CREATE TABLE if not exists stg_table (
product text,
product_type text
);
insert into stg_table (
product,
product_type)
values
('product-a', 'yellow'),
('product-a', 'red'),
('product-a', 'blue'),
('product-b', 'yellow'),
('product-b', 'red'),
('product-c', 'blue');
Second, let’s create the final table that will hold the test data. Note that I’m calling the uuid-ossp
extension in order to have uuids on the event_id field, which will be autogenerated.
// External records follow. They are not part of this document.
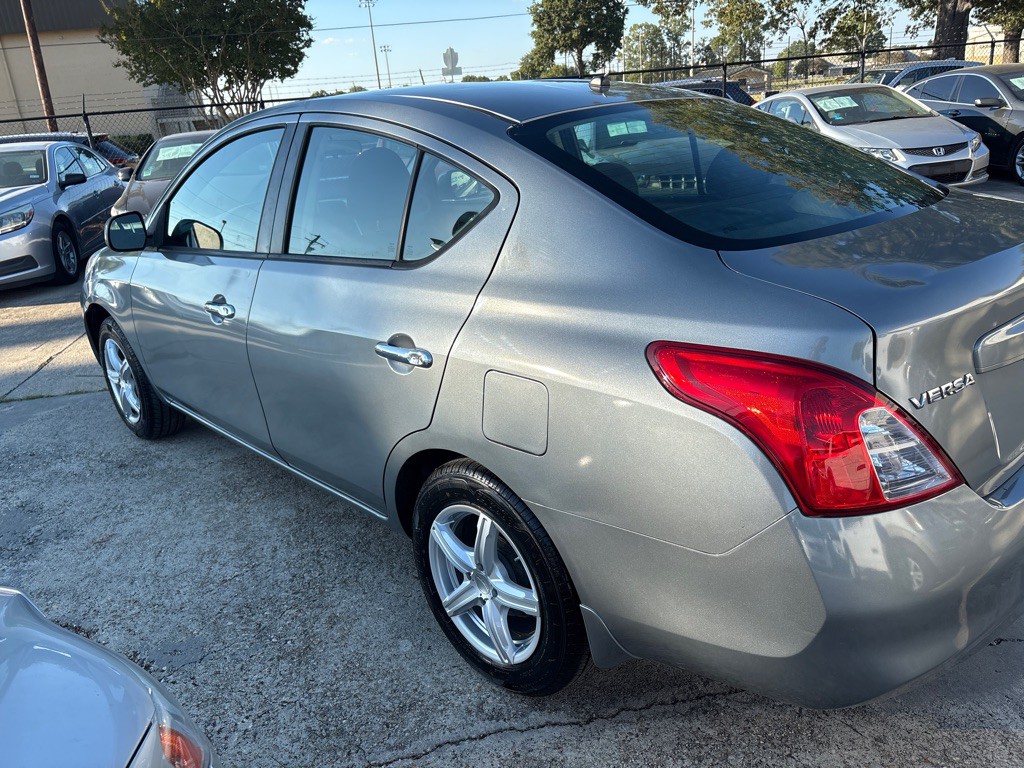 2012 Nissan Versa Image 3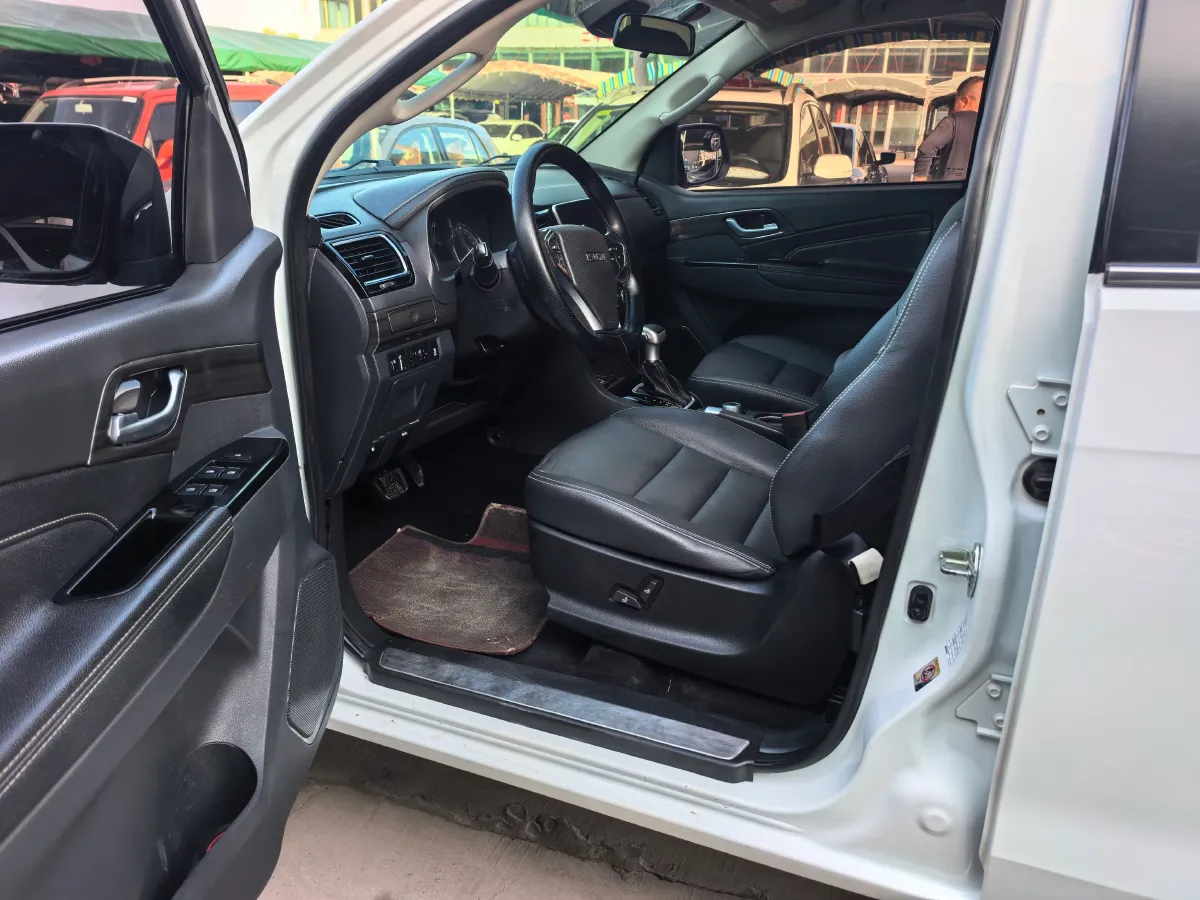 2018 Isuzu Mu-X 1.9T 163HP L4 6AT,autocango,china used car exporter,china ev exporter,chinese used car exporter,chinese used ev exporter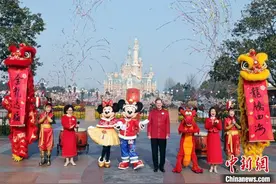 锦绣中国年｜米奇、米妮携木须龙瑞狮点睛 喜迎中国农历龙年新春图片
CREATE EXTENSION IF NOT EXISTS "uuid-ossp";
CREATE TABLE if not exists test_table (
event_timestamp timestamp,
event_id uuid default uuid_generate_v4(),
product text,
product_type text,
primary key (event_id, event_timestamp)
);
Last, we can combine the SQL function generate_series
with a CROSS JOIN
to our stg_table
to generate and insert data on our test_table
. The code below will generate 518,046 records - in roughly 22 seconds - dated on the first of May 2022, one record every second. Modifying the date range or the time between events you can generate different loads.
insert into test_table (
event_timestamp,
product,
product_type
)
select
event_timestamp,
product,
product_type
from (
select *
FROM generate_series(
'2022-05-01 00:00'::timestamp,
'2022-05-01 23:59',
'1 second') event_timestamp
cross join stg_table
) as t;